Financial Services Compensation Scheme  

Clients of SVS Securities to reclaim cost of transfer

Clients of SVS Securities to reclaim cost of transfer

Administrators of wealth manager SVS Securities have given hope that the "vast majority" of its clients will be able to reclaim the cost of transferring to another broker from the Financial Services Compensation Scheme. 

SVS Securities fell into special administration in August after the Financial Conduct Authority identified "serious concerns" about the way the business was operating, with the regulator warning some clients were paying fees and charges as high as 20 per cent of their total investment

In an update last month, the administrators at Leonard Curtis Business Rescue and Recovery confirmed more than 100 firms had been in contact about a transfer of the wealth manager's business and client money to their own companies.  

In proposals which went live on Companies House today (October 9) the administrators confirmed the "quickest and most cost effective" way to return assets and money to SVS clients would be to transfer business to one or more of the interest regulated brokers. 

Leonard Curtis confirmed in the proposals they had received "indicative offers" from 11 FCA-regulated firms regarding a "potential wholesale or partial transfer". 

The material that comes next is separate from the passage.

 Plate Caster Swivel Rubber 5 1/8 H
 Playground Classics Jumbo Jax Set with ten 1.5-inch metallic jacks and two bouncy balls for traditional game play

But the administrators said the cost of this process would be "material" and ultimately paid out of custody assets and client money, meaning customers would therefore face shortfalls as a result of SVS entering into special administration. 

Leonard Curtis said: "The administrators are currently exploring, together with the FSCS, the most appropriate basis and methodology for allocating the time costs incurred returning custody assets and client money.

"At present, the administrators propose that those costs  will be levied as a percentage of client money and as a fixed, capped amount for each transfer of custody assets. This basis will be subject to agreement by the creditors' committee.

"The administrators are working closely with the FSCS to streamline the process for clients' claims for shortfalls arising on their custody assets and client money through cost levies.

"Where eligible clients would otherwise experience a shortfall value of up to £85,000, for example the cost of the transfer of their custody assets and or client money to a nominated regulated broker, the FSCS will seek to provide compensation in respect of eligible clients without it being necessary for a claim to be submitted in most cases."

The administrators said they expected the "vast majority" of clients to be fully compensated by the FSCS for any costs of transferring their custody assets and money. 

But they warned there might be a "small number" of clients who may face shortfalls in their funds, either because they are not eligible for FSCS compensation or because their loss exceeds the FSCS compensation limit of £85,000. 

According to its records, SVS holds £278m in custody assets and in excess of £23.7m in client money across 12,000 retail clients and 6,000 foreign exchange clients. 

However because of the "highly illiquid" nature of the securities in which custody assets were invested, especially in relation to bonds, the administrators said the value remained uncertain.